Quelques idées en vrac pour organiser tout ça
Au-delà du déroulement des ateliers, il y a quelques trucs qui peuvent aider.
- Faire critiquer les solutions d’un groupe par un autre groupe, puis faire tourner les groupes. Le groupe reprenant le travail d’un autre en suite pour l’améliorer et le continuer.
- Chaque groupe présente son travail à tour de rôle. Les autres peuvent critiquer mais uniquement en posant des questions. Cela évite les critiques trop directes et oblige à réfléchir avant de poser la question.
- Prévoir une phase d’idéation, puis une phase de tri des idées, avant de finir sur une phase de convergence et de consolidation.
- Pensez aux pauses, toutes les deux heures ! Comme sur la route, pour les mêmes problèmes d’attention.
- Prévoir un icebreaker, un exercice pour se mettre en route et faire en sorte que les participants fassent connaissance. Ça ne doit pas durer plus 10 minutes et être assez ludique mais aussi sortir un peu de la zone de confort. Par exemple, vider ses poches et en expliquer le contenu, dessiner rapidement quelqu’un du groupe, dire son superpouvoir et sa kryptonite.
Des fois ça marche, des fois ça ne marche pas.
Oui, des fois ça marche et puis la fois d’après on fait le même atelier avec un public semblable et ça ne marche pas ou pas aussi bien. On ne sait pas trop pourquoi. Ce que j’ai pu observer que :
- Il faut éviter de cassure dans le rythme et le processus de conception. Si vous partez sur une première piste de conception, puis un moment vous prenez un autre angle d’attaque, ça va être difficile de faire converger les deux.
- Des choses évidentes pour vous, ne le sont pas pour les autres. Dès que vous demandez aux participants de concevoir des choses et de les dessiner ça va devenir compliqué pour pas mal de monde.
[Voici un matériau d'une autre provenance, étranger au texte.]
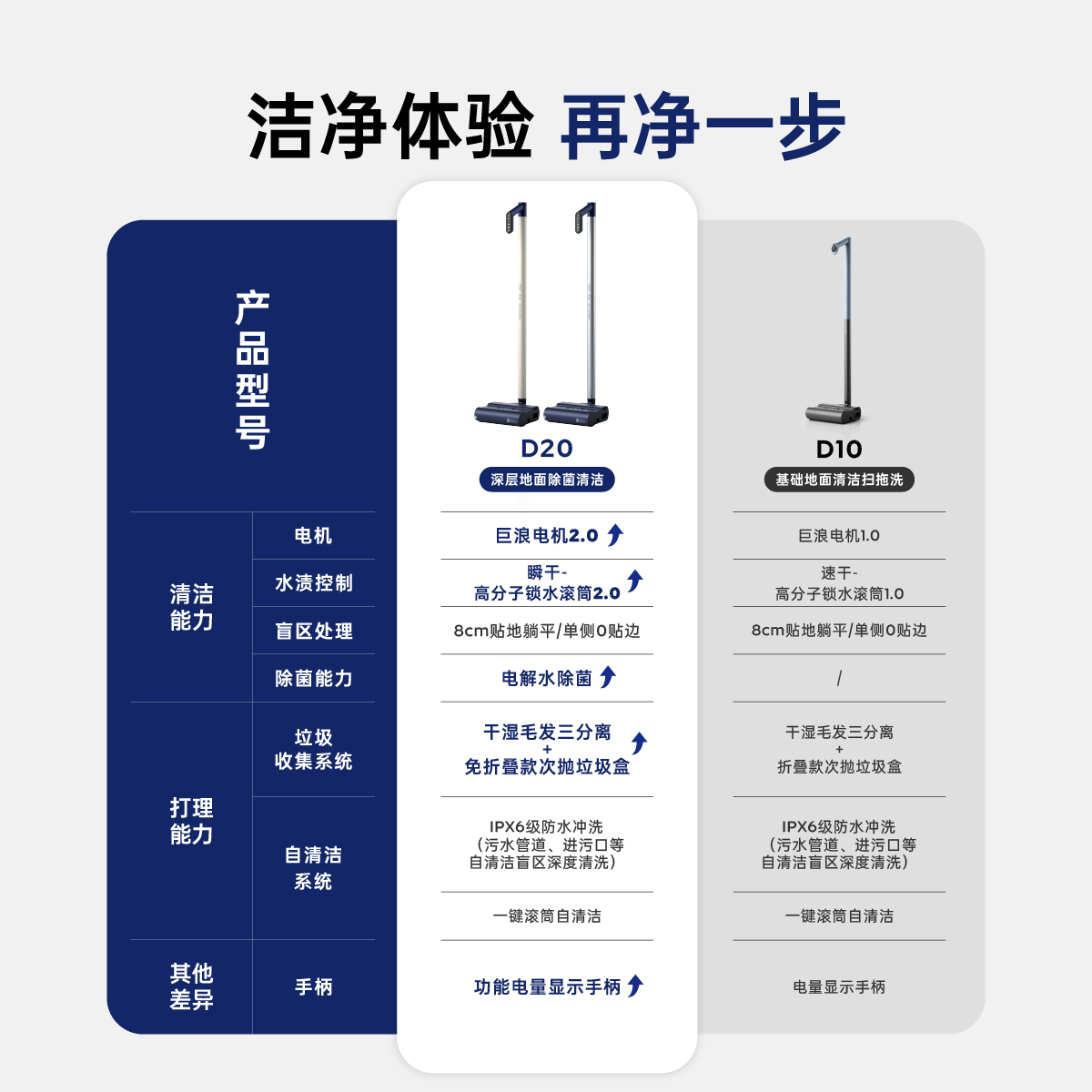 滴水【重磅新品】水尘环流洗地机D20系列洗拖一体自清洗60db轻音8cm超薄180°躺平0排放0扬尘0异味喷发 D20奶油白旗舰款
Ils font donc donner des aides, voir tenir le crayon ce qui est un peu dommage dans bien des cas.
- Ça marche, ça ne marche pas. Il faut parfois peu de chose pour que ça ne fonctionne pas, un participant grognon ou boulet. Des groupes mal assortis. Et des fois on ne sait pas pourquoi ça ne marche pas.
- Changer de stratégie à la volée, et changer le plan de l’atelier en cours de route, c’est possible mais risqué. « Y en a qui ont essayé » Il faut le faire quand vous voyez que ça bloque ou que ça va droit dans le mur, mais c’est souvent trop tard. Dans ces cas, je conseille d’utiliser le temps d’une pause pour revoir le plan et peut-être en discuter avec certains de vos interlocuteurs.
Pour finir
Oui, pour finir un atelier je vous conseille de faire un ROTI (Return on Training/Time Investment) de manière très simple. chaque participant lève la main en notant de 0 à 5 l’atelier. 0 : il a perdu son temps, 5 : il est super content. Vous comptez rapidement le nombre de doigt levé et vous faites la moyenne. En dessous de 3, vous pouvez largement vous remettre en cause.